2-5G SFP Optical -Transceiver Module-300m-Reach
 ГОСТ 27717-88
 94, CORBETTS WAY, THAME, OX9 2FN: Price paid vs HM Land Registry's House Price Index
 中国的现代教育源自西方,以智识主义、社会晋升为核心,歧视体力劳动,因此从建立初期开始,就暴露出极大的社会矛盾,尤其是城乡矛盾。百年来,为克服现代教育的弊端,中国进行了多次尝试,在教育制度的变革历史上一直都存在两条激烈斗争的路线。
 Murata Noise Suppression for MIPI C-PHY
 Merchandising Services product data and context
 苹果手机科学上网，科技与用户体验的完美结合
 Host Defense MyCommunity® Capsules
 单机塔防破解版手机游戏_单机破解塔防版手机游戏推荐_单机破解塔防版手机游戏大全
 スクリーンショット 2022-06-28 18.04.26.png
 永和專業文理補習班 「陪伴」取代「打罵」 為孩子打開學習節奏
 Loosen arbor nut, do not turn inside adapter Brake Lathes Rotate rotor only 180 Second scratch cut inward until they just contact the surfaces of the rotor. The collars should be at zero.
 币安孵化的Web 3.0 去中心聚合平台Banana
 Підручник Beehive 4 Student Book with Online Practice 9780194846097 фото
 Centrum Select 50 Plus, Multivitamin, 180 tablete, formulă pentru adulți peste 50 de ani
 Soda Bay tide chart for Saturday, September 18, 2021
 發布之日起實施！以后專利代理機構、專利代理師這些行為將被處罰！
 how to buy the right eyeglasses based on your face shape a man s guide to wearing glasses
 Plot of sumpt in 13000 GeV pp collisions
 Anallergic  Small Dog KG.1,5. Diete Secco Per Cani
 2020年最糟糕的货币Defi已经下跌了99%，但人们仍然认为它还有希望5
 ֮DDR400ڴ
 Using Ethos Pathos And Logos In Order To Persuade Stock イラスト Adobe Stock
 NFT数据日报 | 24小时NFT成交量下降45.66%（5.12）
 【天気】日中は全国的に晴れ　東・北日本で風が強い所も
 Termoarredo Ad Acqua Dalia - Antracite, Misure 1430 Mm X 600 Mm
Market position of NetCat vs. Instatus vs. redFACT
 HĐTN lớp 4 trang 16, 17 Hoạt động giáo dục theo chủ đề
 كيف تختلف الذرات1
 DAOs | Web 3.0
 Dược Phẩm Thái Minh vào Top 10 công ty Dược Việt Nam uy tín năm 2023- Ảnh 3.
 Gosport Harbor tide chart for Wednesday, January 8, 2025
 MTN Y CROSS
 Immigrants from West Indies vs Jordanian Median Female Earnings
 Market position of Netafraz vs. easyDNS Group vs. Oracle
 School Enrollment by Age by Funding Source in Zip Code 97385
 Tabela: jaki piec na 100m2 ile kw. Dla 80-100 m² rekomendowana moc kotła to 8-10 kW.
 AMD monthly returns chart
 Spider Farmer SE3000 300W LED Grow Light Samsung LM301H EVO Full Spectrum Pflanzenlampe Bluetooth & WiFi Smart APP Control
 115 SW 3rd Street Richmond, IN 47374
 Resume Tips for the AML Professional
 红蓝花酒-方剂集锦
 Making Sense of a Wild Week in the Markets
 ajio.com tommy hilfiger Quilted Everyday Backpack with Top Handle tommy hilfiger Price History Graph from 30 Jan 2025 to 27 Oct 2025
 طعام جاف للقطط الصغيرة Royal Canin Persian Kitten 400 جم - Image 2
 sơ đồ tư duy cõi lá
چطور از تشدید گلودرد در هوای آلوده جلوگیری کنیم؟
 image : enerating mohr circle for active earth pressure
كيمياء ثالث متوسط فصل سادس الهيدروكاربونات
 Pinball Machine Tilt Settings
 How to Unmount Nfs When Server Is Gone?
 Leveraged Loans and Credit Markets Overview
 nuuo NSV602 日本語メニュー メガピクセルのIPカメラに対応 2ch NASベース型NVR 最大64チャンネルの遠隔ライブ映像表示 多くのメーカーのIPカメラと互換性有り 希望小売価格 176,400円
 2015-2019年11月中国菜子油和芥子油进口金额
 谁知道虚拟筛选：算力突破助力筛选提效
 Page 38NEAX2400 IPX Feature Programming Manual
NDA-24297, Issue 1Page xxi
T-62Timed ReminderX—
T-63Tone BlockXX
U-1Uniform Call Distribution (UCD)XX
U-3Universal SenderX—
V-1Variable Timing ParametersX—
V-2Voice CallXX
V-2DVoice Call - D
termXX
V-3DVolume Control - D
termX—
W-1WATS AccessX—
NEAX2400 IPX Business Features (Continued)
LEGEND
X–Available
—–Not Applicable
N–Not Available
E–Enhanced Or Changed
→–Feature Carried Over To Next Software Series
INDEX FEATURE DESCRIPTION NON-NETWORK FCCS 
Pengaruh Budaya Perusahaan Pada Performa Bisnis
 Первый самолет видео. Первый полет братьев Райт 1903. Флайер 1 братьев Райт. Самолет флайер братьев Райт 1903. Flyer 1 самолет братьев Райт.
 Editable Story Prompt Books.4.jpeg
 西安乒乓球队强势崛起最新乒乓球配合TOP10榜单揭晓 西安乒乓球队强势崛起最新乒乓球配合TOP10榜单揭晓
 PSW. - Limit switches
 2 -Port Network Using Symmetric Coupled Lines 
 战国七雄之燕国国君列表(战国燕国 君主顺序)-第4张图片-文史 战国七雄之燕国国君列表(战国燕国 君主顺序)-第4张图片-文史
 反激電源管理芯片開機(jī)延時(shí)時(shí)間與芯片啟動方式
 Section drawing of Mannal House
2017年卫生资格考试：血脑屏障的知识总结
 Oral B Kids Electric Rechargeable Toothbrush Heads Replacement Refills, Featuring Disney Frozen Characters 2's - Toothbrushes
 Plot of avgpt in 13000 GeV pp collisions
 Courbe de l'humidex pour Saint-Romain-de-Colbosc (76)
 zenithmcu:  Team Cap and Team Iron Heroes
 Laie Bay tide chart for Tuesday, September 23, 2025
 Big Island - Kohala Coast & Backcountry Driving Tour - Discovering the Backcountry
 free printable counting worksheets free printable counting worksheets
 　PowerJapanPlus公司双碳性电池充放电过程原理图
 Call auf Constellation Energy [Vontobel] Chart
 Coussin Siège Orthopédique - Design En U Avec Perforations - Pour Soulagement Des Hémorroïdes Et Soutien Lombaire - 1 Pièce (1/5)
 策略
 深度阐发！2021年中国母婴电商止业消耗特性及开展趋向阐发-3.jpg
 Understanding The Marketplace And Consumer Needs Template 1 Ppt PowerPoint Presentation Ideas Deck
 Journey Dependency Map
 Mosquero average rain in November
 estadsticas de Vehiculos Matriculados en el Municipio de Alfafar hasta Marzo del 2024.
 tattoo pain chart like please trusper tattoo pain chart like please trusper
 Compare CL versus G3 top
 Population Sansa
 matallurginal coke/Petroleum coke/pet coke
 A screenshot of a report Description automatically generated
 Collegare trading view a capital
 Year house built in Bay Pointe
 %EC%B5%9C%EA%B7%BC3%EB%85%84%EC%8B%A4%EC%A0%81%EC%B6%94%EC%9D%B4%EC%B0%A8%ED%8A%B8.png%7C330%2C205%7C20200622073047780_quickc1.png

#### Activity
Reproduce exactly, and with no other material, the lines between those holding "深度阐发！2021年中国母婴电商止业消耗特性及开展趋向阐发-3.jpg" and "Collegare trading view a capital", inclusive.

#### Answer section
 深度阐发！2021年中国母婴电商止业消耗特性及开展趋向阐发-3.jpg
 Understanding The Marketplace And Consumer Needs Template 1 Ppt PowerPoint Presentation Ideas Deck
 Journey Dependency Map
 Mosquero average rain in November
 estadsticas de Vehiculos Matriculados en el Municipio de Alfafar hasta Marzo del 2024.
 tattoo pain chart like please trusper tattoo pain chart like please trusper
 Compare CL versus G3 top
 Population Sansa
 matallurginal coke/Petroleum coke/pet coke
 A screenshot of a report Description automatically generated
 Collegare trading view a capital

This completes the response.